31 October 2008, Halloween: Dancing On The Grave of Capitalism was supposed to be an event of partying and a light-hearted dig at the capitalist system. Instead it turned into a re-run of the March On The City, a wrestling match between anti-capitalist protestors and police, only this time it was colder, darker and with less people.
The interaction of the Metropolitan police units and the Canary Wharf private security seemed to kill the party atmosphere immediately, and the event, scheduled to last till “late”, was all over by 7pm.
Canary Wharf security also saw fit to obstruct, abuse human rights and even assault journalists trying to cover the event.
Other than that the only joy seemed to be various chants, which I failed to capture on film, but wished I had.
Protestors: “Whose streets?
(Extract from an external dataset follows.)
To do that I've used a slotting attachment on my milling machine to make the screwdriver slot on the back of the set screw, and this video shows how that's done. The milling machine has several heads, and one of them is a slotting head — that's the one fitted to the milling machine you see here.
Our streets.”
City workers: “No they’re not. They’re our streets.”
Protestors: “The workers united will never be defeated.”
Police officer pushing them back: “Yes you will.”
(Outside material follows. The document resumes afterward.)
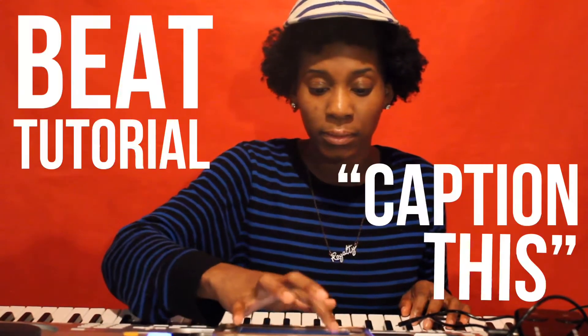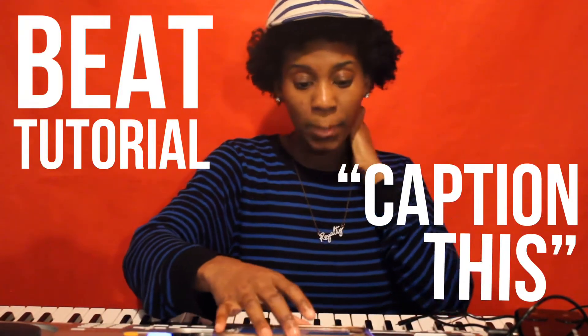Okay, hopefully y'all can hear that. This is the kickoff right here. I'm going to put on my headphones because it has this sensitivity thing that I don't like. I need it to hit every time. It's 75 BPM by the way.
The true fact of the matter is unfortunately, and in the context of what has arisen in the massing of public opposition to the £500 billion bailout, the police officer appears to be right – at the moment.
As the party, protest – call it what you want – capitalism is not dead. And there is no grave to dance on. Capitalism and all its dirty dealings and deeds just got unconditional bail. Bailed by us. The only hole in the ground is where the UK taxpayer’s money used to be.
Capitalism did not die on Black Friday, just as equally as the failing bailout banks did not get nationalised.